Senior Data Scientist, Saturn Cloud
Aaron Richter is a software developer turned data engineer and data scientist. He has pioneered the development and implementation of large-scale data science infrastructure in both business and research environments.He has become an expert in finding efficient ways to clean data, run pipelines, and tune models. Aaron is a Senior Data Scientist at Saturn Cloud, where he works to make data scientists faster and happier. He holds a PhD in machine learning from Florida Atlantic University.

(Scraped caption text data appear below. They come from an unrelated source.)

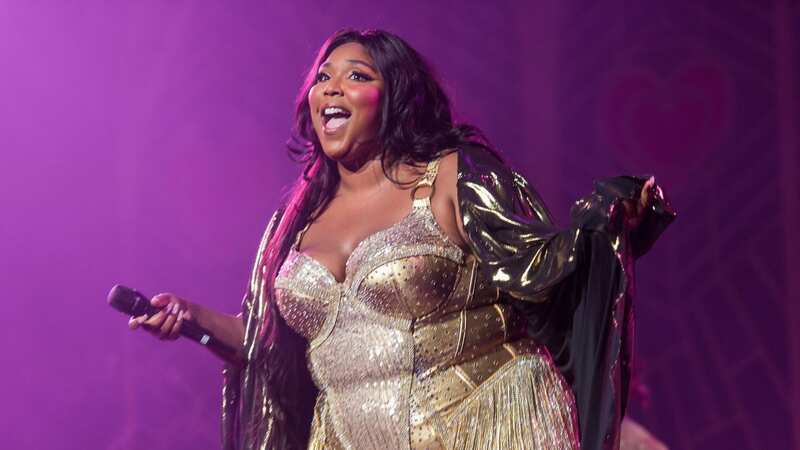Lizzo showed off her hair transformation on Instagram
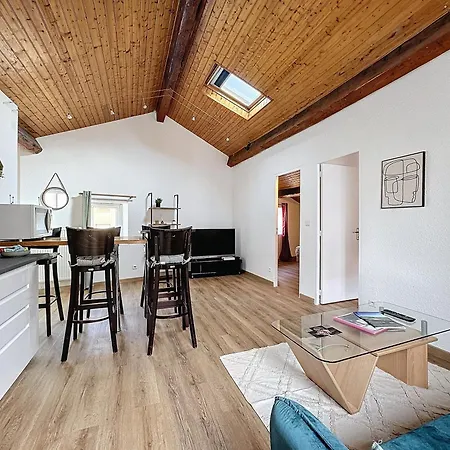 F3 Refait A Neuf En Centre Liberation * Clermont-Ferrand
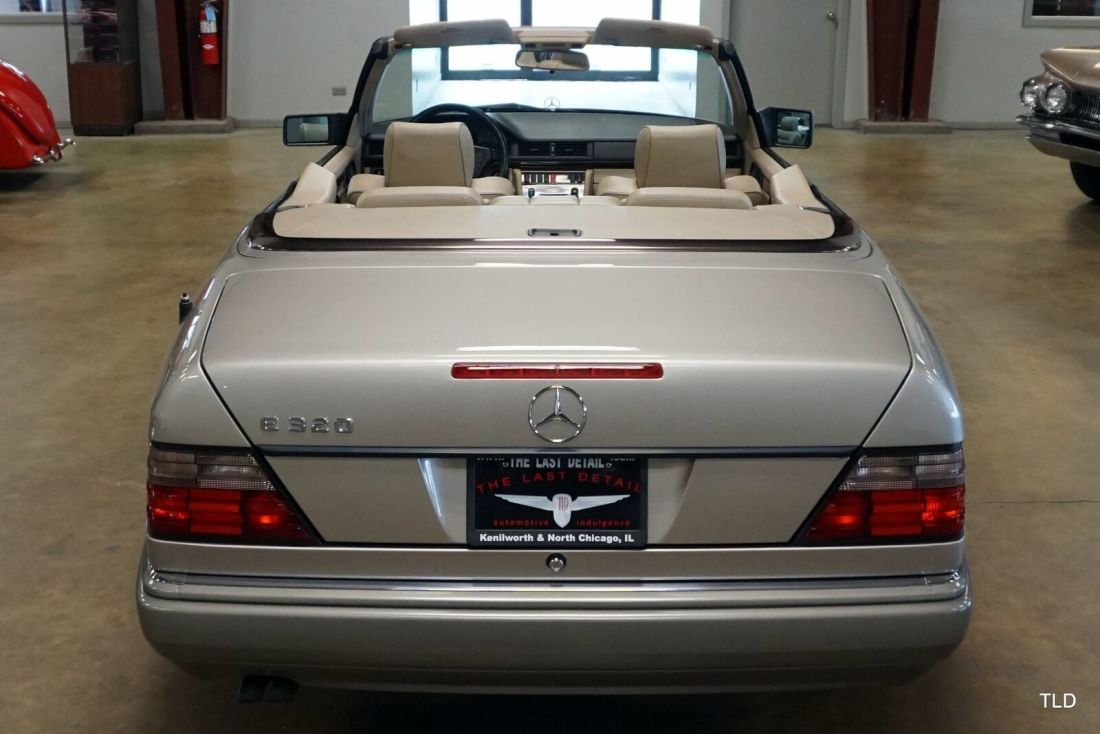 1994 Mercedes-Benz E-Class E 320 - photo 12
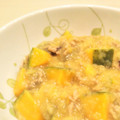 イエローバード's cooksnap of when they made とろとろ～♡さつま芋のおろしあんかけご飯.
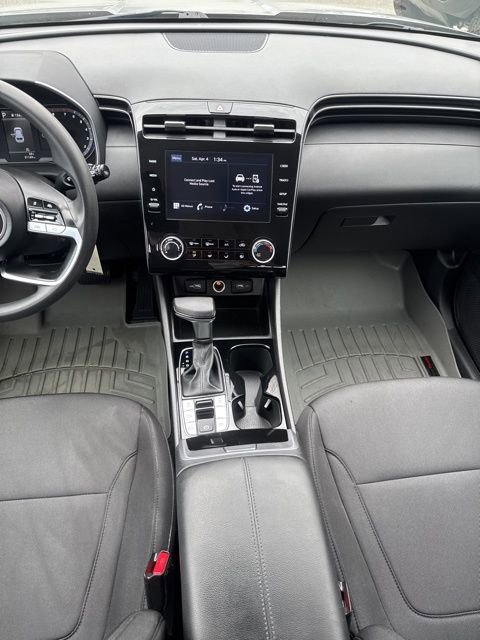 Used 2022 Hyundai Tucson SE w/ Cargo Package AWD/4WD image 32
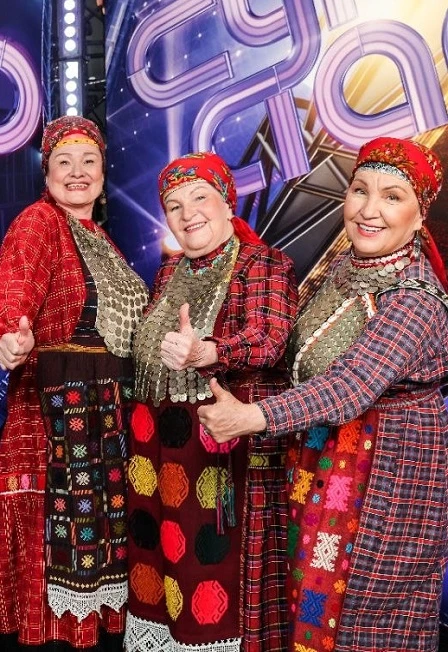 Постер Бурановские бабушки в Хабаровске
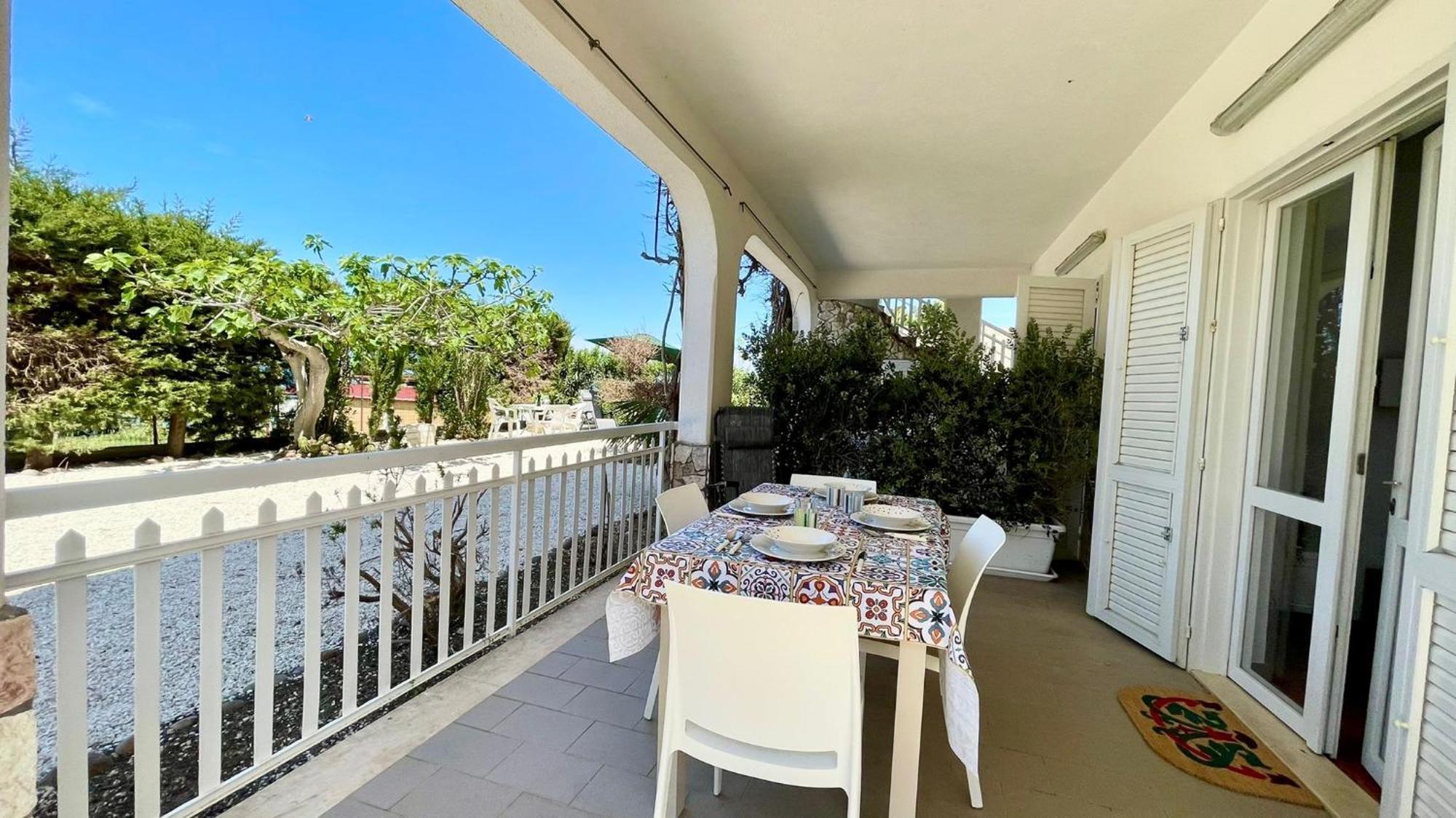 Apartment Cavalluccio Marino *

WATCH LIVE: November 2nd at 1:00 pm
What happens when you run out of processing power on your laptop? You could scale up – get more efficient hardware, or scale out – add more machines. Whichever you choose, there are great tools for accomplishing scale within the Python data science ecosystem. Dask is a parallel computing framework that scales from your laptop to a cluster of thousands of machines. RAPIDS is a GPU-computing framework that pushes traditional CPU workloads to the GPU. Dask and RAPIDS together allow you to accelerate your code in clusters of GPU machines. This talk will help you navigate this exciting new world, and show what it takes to convert “traditional” single-node Python workflows to execute in parallel and GPU-accelerated environments. We will also discuss ways to get the hardware to run these tools in the cloud, and some considerations for infrastructure and management.